(Scraped caption text data)

%%

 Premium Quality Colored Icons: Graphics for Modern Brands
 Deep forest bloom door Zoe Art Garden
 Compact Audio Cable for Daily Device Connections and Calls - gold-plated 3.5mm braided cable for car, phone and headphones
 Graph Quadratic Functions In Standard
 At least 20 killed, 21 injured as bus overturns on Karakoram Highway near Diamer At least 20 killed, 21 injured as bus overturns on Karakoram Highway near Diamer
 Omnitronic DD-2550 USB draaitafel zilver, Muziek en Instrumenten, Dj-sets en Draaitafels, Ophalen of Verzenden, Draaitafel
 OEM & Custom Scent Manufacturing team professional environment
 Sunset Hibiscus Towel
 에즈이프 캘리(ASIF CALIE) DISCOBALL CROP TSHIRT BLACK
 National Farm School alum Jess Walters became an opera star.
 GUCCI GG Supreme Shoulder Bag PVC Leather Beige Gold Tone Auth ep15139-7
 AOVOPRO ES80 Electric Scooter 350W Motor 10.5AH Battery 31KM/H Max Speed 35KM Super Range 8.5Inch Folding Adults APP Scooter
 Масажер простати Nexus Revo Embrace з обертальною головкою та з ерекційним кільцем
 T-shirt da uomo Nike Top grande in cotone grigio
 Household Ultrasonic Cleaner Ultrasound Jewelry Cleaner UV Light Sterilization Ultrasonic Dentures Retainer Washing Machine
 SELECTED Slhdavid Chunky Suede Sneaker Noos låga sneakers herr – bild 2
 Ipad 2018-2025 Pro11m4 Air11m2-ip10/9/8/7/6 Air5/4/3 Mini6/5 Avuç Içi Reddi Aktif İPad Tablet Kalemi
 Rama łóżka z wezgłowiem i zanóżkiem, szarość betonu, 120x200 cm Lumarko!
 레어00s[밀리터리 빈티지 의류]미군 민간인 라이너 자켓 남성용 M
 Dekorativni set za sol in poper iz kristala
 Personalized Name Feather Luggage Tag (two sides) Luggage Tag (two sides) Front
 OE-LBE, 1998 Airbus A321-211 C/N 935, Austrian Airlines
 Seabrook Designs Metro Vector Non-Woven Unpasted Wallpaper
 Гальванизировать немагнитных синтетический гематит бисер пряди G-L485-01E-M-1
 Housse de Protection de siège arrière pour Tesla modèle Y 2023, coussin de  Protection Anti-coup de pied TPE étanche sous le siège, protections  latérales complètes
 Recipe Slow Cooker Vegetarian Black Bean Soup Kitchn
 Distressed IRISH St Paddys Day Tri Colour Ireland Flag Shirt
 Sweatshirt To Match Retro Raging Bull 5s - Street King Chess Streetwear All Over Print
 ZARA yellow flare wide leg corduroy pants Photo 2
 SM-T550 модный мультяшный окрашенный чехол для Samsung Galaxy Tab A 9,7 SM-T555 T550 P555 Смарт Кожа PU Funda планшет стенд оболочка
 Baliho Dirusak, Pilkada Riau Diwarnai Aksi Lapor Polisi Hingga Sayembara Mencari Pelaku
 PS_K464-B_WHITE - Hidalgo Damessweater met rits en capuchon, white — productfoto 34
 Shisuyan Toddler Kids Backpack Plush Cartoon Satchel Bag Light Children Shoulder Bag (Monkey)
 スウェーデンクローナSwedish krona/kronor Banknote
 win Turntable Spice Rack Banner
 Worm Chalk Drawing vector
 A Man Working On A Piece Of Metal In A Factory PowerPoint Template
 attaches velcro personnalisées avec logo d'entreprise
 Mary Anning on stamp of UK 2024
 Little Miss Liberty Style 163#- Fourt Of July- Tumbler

%%

Quote, without alteration, the final stretch of the entries: the line with "A Man Working" onward to the last line.

 A Man Working On A Piece Of Metal In A Factory PowerPoint Template
 attaches velcro personnalisées avec logo d'entreprise
 Mary Anning on stamp of UK 2024
 Little Miss Liberty Style 163#- Fourt Of July- Tumbler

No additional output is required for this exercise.